Case ID: f-appx_209/html/0945-02.html
Source: Caselaw Access Project
Author: {"author": "PER CURIAM:", "license": "Public Domain", "url": "https://static.case.law/"}
Date Created: 2024-08-24T03:29:51.129683

COLOPLAST CORP., Plaintiff-Counter Defendant-Appellee, v. AMERICAN BREAST CARE, L.P., Defendant-Third Party Plaintiff-Counter Claimant-Appellant, Joachim Rechenberg, Third-Party Defendant.
    No. 05-15049.
    United States Court of Appeals, Eleventh Circuit.
    Filed Dec. 12, 2006.
    Charles C. Murphy, Jr., Ellen G. Schlossberg, Vaughan & Murphy, Atlanta, GA, for Plaintiff-Counter Defendant-Appellee.
    Debra G. Buster, Allen I. Hirsch, Arnall, Golden & Gregory, LLP, Atlanta, GA, for Defendant-Third Party Plaintiff-Counter Claimant-Appellant.
    Before ANDERSON and BARKETT Circuit Judges, and STROM, District Judge.
    
      
       Honorable Lyle E. Strom, United States District Judge for the District of Nebraska, sitting by designation.
    
   PER CURIAM:

Coloplast Corp. (“Coloplast”) appeals from a final judgment of the district court granting summary judgment in favor of defendants American Breast Care, L.P. and Jolly Rechenberg (collectively, “ABC”) on Coloplast’s tortious interference and Lanham Act claims. After careful review, we affirm.

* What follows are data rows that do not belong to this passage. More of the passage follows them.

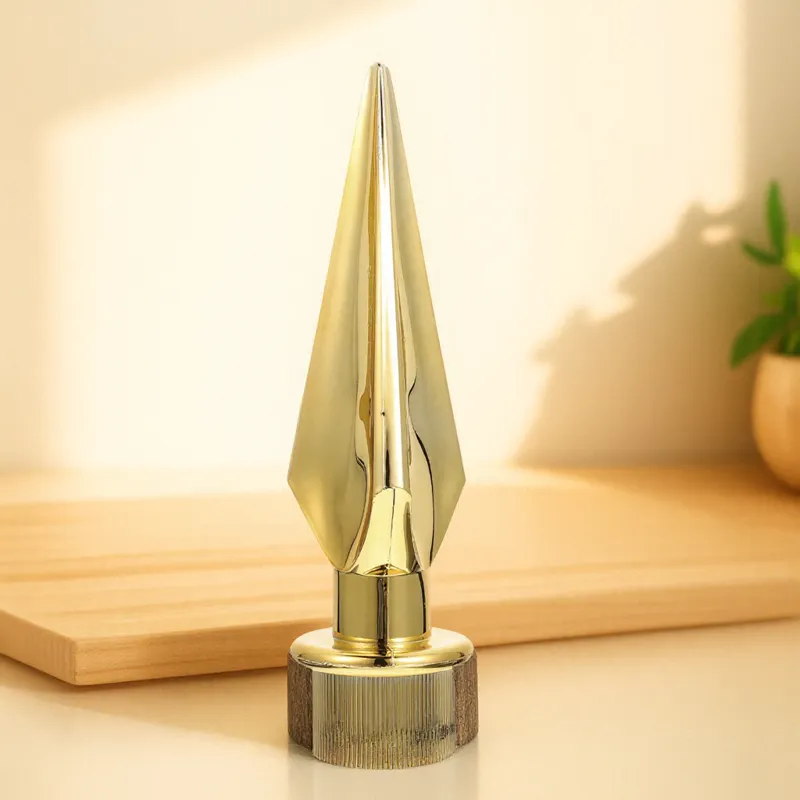 1pc Decorative Flagpole Head T - Home Office Head のレビューと価格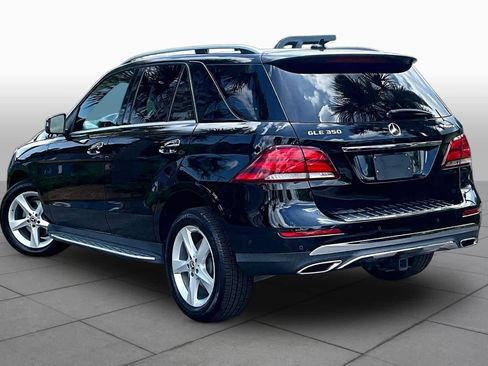 Certified 2017 Mercedes-Benz GLE 350 4MATIC image 12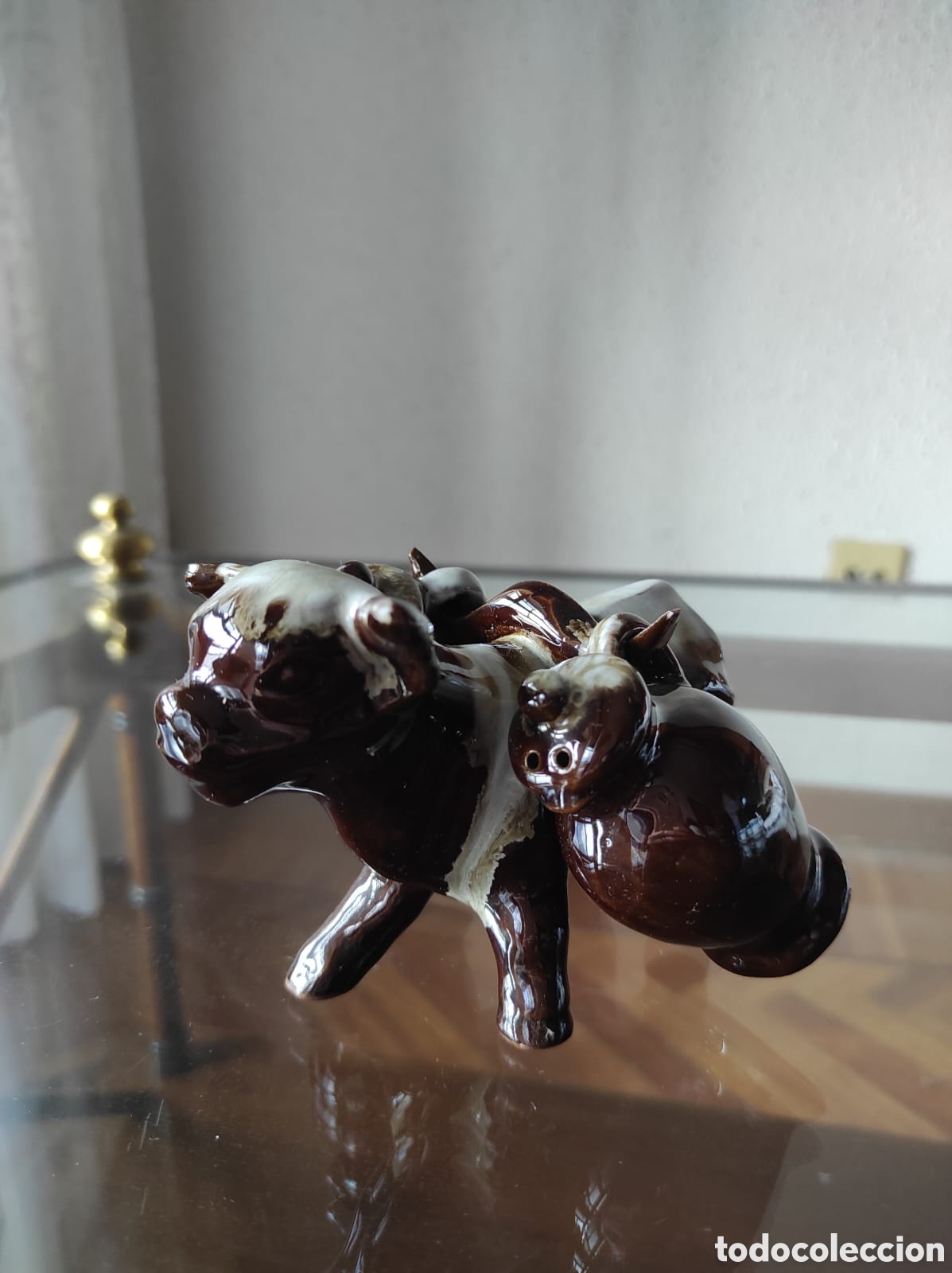 Antig&uuml;edades: Juego sal y pimienta - Foto 3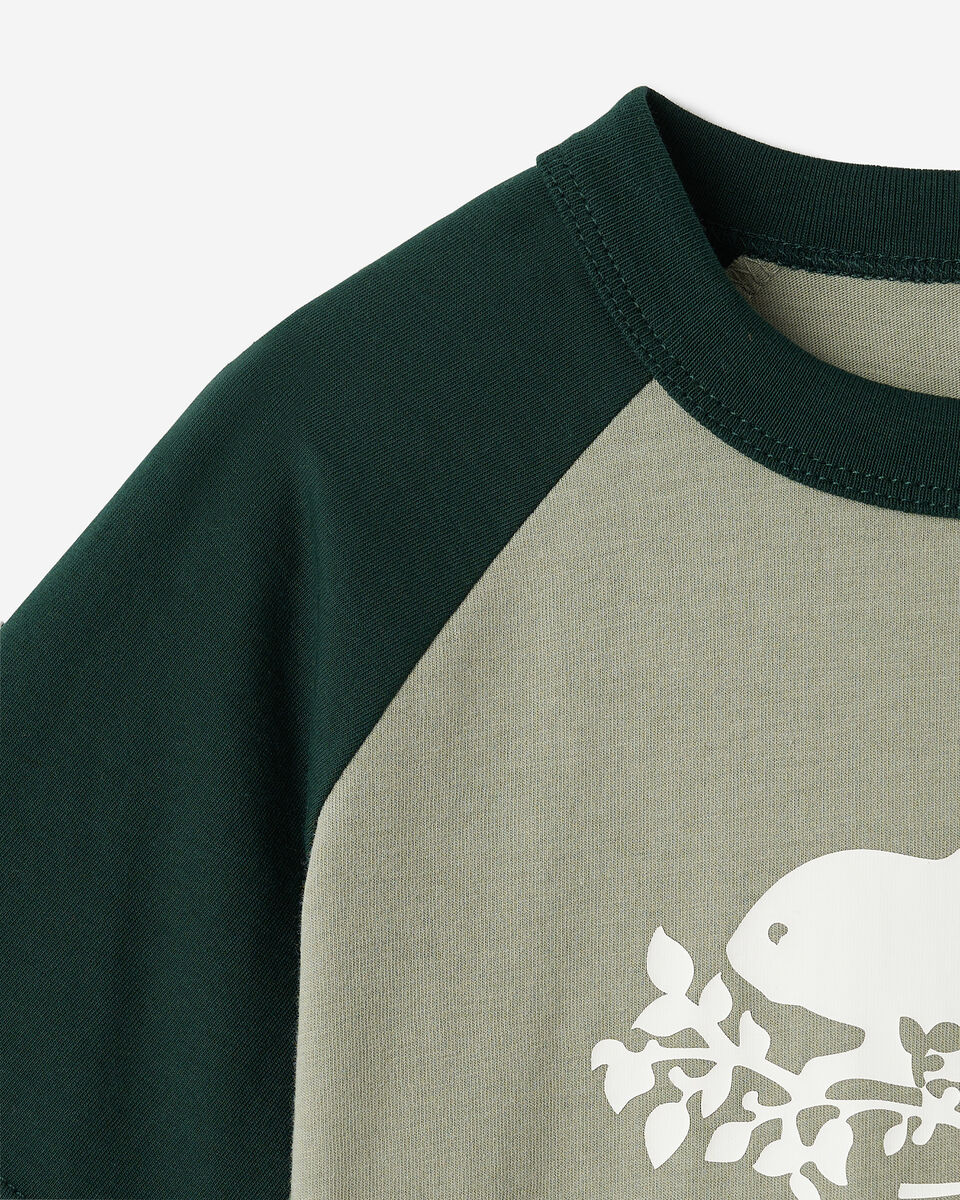 Toddler Cooper Baseball Short Sleeve T-Shirt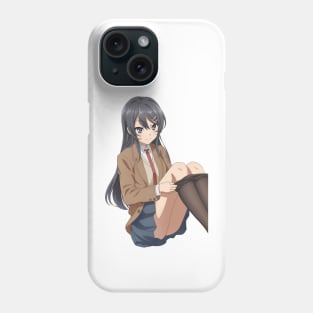 Kawaii Mai Sakurajima Phone Case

Coloplast claims that ABC tortiously interfered with various employment contracts when it recruited certain Coloplast employees to leave their jobs and join ABC. In order to establish a claim for tortious interference under Georgia law, “whether asserting interference with contractual relations, business relations, or potential business relations,” a plaintiff must prove:

(1) improper action or wrongful conduct by the defendant without privilege; (2) the defendant acted purposely and with malice with the intent to injure; (3) the defendant induced a breach of contractual obligations or caused a party or third parties to discontinue or fail to enter into an anticipated business relationship with the plaintiff; and (4) the defendant’s tortious conduct proximately caused damage to the plaintiff.

Disaster Services, Inc. v. ERC Partnership, 228 Ga.App. 739, 492 S.E.2d 526, 528-29 (1997) (internal citations omitted) (emphasis added). To satisfy this four-part test, plaintiff must show more than that the defendant simply persuaded a person to break a contract. Sommers Co. v. Moore, 275 Ga.App. 604, 621 S.E.2d 789, 791 (2005); Architectural Mfg. Co. v. Airotec, Inc., 119 Ga.App. 245, 166 S.E.2d 744, 746 (1969). The plaintiff must adduce evidence of “improper action or wrongful conduct,” which Georgia courts have defined as “constituting] conduct wrongful in itself; thus, improper conduct means wrongful action that generally involves predatory tactics such as physical violence, fraud or misrepresentation, defamation, use of confidential information, abusive civil suits, and unwarranted criminal prosecutions.” Sommers, 621 S.E.2d at 791 (quoting Disaster Services, 492 S.E.2d at 529). The district court found no evidence in the record to support the claim that ABC had engaged in this conduct. Having reviewed the record, we find no error in this determination.

We find no basis to reverse the district court’s grant of summary judgment in favor of ABC on Coloplast’s Lanham Act claims.

AFFIRMED. 
      
      . We review de novo the district court’s grant of summary judgment, applying the same legal standards as the district court. Whatley v. CNA Ins. Co., 189 F.3d 1310, 1313 (11th Cir.1999).